Attorneys for Joshua Komisarjevsky had asked that Dr. William Petit be kept out of the court proceedings. They said that Petit, whose wife and two daughters were killed in 2007, referred to the testimony of other witnesses when he testified at the trial of Komisarjevsky’s codefendant, Steven Hayes, who was sentenced to death last year.
Judge Jon Blue denied the motion, but said attorneys could bring up the issue at trial. Blue said witnesses are not typically sequestered before trials, but can be later if there are concerns that their testimony could be affected by that of others.
Komisarjevsky’s attorneys said some defense questions during jury selection may involve Petit’s testimony. They requested that all witnesses be sequestered from hearing the testimony of other witnesses, but yesterday’s hearing focused only on Petit.
Authorities say Komisarjevsky and Steven Hayes killed Petit’s wife, Jennifer Hawke-Petit, and their daughters, 11-year-old Michaela and 17-year-old Hayley. Dr. Petit was beaten but survived.
Hayes was convicted last year of sexually assaulting and strangling Hawke-Petit. Authorities say he and Komisarjevsky tied the daughters to their beds, poured gasoline on or around them, and set fire to their home, killing them.
Hayes and Komisarjevsky have blamed each other for escalating the crime, but prosecutors say both men were equally responsible. Jury selection for Komisarjevsky’s trial is scheduled to start March 14.
Komisarjevsky’s attorneys clashed sharply Tuesday with Blue over a scheduling issue. The argument came after another judge denied a request by the lawyers that Blue be removed from the trial, ruling that he had showed no bias in Hayes’s trial.

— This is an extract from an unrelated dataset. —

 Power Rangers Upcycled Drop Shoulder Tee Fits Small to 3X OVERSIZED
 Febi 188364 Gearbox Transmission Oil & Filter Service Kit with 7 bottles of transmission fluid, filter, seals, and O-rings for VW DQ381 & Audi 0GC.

One of Komisarjevsky’s attorneys, Jeremiah Donovan, argued with Blue on Tuesday over Donovan’s request to schedule jury selection four days per week, instead of five, so he could handle other cases and keep his law practice running during a lengthy trial.
Blue said yesterday that some of the attorney’s comments were not appropriate, but that he would experiment with a schedule of four days per week for jury selection.
Attorneys for Komisarjevsky also want to move the trial to Fairfield County, the next county over, saying Komisarjevsky had been so “demonized’’ during the first trial that it was impossible for him to get a fair trial in New Haven.